A fun idea that I was excited to try, but sorry, these are gross. F.

Next, Walker's Worcester Sauce:


I love worcester sauce. Always have. It's a unique flavor that works great on chicken or pork. I make a homemade BBQ sauce where worcester is the second most important flavor. So how did it work on chips?

Fairly well, actually. They absolutely taste like worcester sauce and the grease of the chips give the illusion that they were actually soaked in sauce. The weird thing though- these chips are either way too tangy/sour, or worcester sauce is and I've just never realized just how much. I feel like these work great in small bursts, but after awhile, interest fades. These are very interesting though, and would recommend hunting them down if you're a worcester fan looking for an interesting alternative (or addition) to BBQ chips. I imagine mixing these with some BBQ would work really well. Hmmm... I put worcester sauce on chicken, maybe these will work with the roast chicken chips...

Ew. The chicken flavor overpowered any worcester and just made me like the chicken even less.

The face of "you know what? These are pretty decent." C+

Next up, Walker's Smoky Bacon:


These smell and unfortunately taste too much like fake bacon- like bacon bits or something. I've reviewed bacon chips before, and both of those were MUCH better than these because of an odd sweetness to the chips. These substitute any of that confusing sweetness with mega bacon flavor which works, but just isn't as good.

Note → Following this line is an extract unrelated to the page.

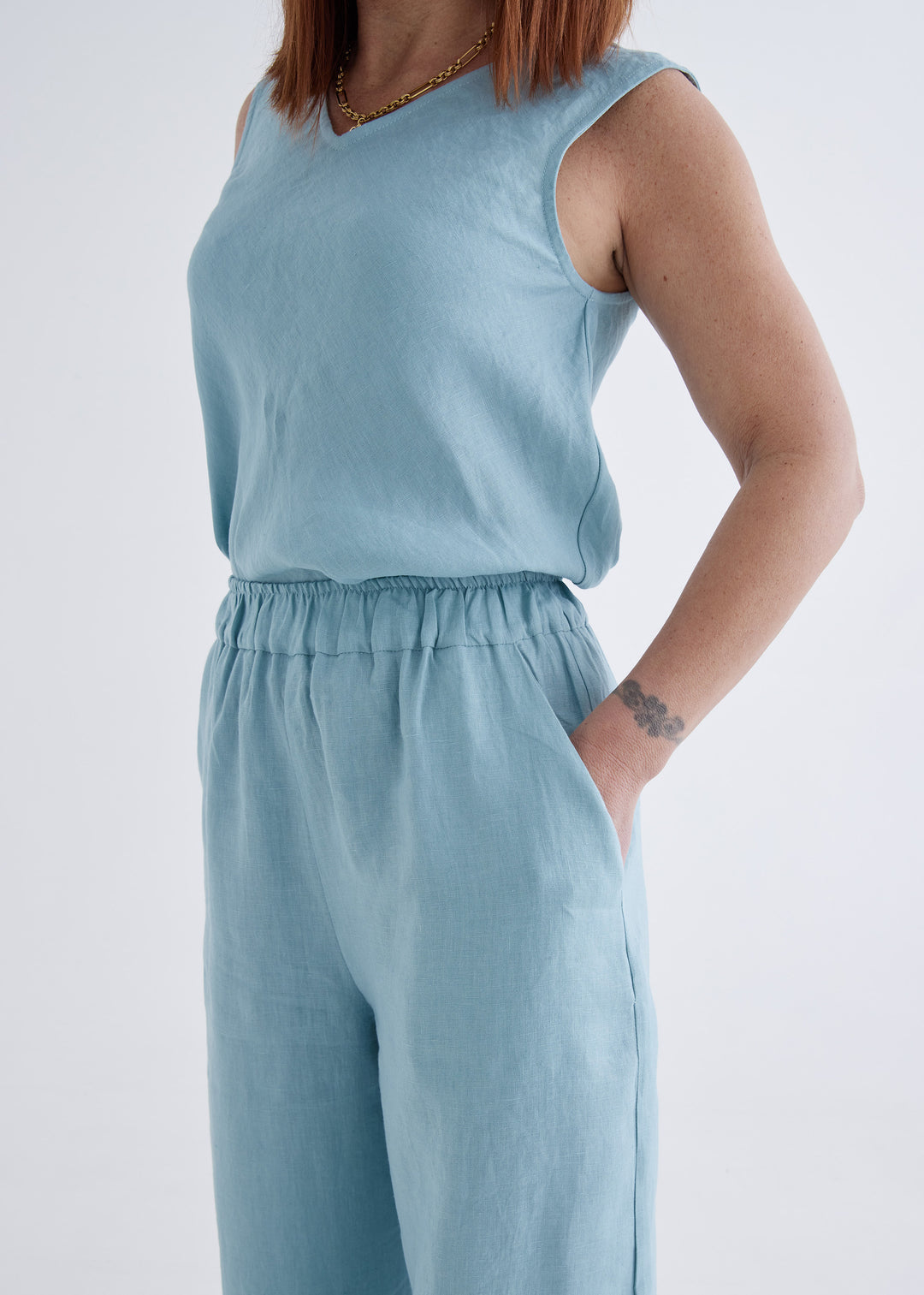 Lana Linen Pants in Spring Blue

The aftertaste is horrible and the burps hours later are agony. These also seem to be much more crunchy than any of the other chips... perhaps in an odd attempt to seem even more like eating actual bacon? Maybe. These are ok, but the aftertaste and lack of anything making them special (like "smokey" in the Lay's version or the inclusion of Sour Cream in the Ruffles version) make them towards the C grade and nowhere near as good as the much easier to find Ruffles or Lay's Bacon chips. BOY IT SURE WOULD BE NICE IF THE STUPID UNITED STATES WOULD MAKE A BACON CHIP SO I WOULDN'T HAVE TO PAY 9 BUCKS FOR A BAG ON EBAY.

These are OK, but the least good of bacon chips I've tried. C-

Next, Walker's Sensations: Thai Sweet Chilli:


I'm a true American. I predominately eat pizza, chicken fingers, sandwiches, cheeseburgers, etc. I'm probably not the best person to be reviewing anything claiming to be "Thai Sweet Chilli." That being said, these were pretty forgettable. They had zero smell and not much flavor. I had to eat 4 before I even figured out what the flavor was. They're kind of bland with an odd spicy aftertaste. The spice isn't bad but the flavor is barely there and difficult to describe. I guess I'd say they're thai sweet chilli for people who want a very watered down version of that flavor.

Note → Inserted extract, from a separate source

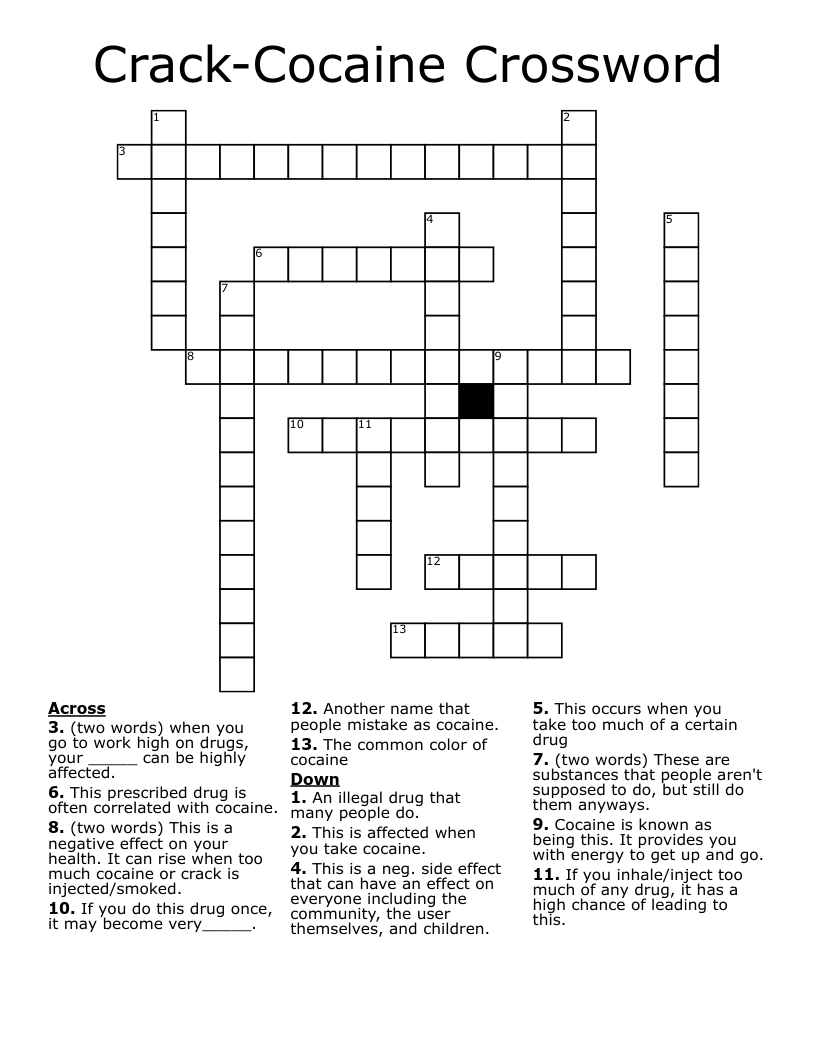 Crack-Cocaine Crossword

Very blah chips. If you like thai spice, they are ok, but they just don't have enough flavor. D.

Next, "delicious... paprika flavour crinkle cut crisps:"


These were one from England and the only one with a "best before" date (October 2011), so this might be a mess.

Maybe scent is the first thing that goes when a bag of chips has sat unopened for 5 months after its prime... These once again had zero smell. These were surprisingly decent but mostly because of their blandness. These didn't punch me in the mouth with chicken skin or fake onion- these were just subpar, cheap potato chips with a slight little spice on the end of them- enough to give your mouth a little burn, but not enough for you to be able to tell what the hell you ate. I feel weird to be preferring a lacking-in-flavor chip, but it's nice to have something that isn't gross during a chip-eating party like this.

Not very flavorful, but nothing offensive. The Al Borland of weird potato chips. C.

I saved the scariest for last: Walker's Prawn Cocktail:


oh boy...

It took 4 chips for me to start gagging. I do not like seafood, and I couldn't handle these. They have a weird tangy, mayonnaise like flavor that disguises the fake shrimp flavor coming afterwards. I started to imagine eating small little monsters and couldn't last. Thank God for toothpaste and the fact that my mom gave me a bunch of candy canes for Christmas. These are AWFUL. F.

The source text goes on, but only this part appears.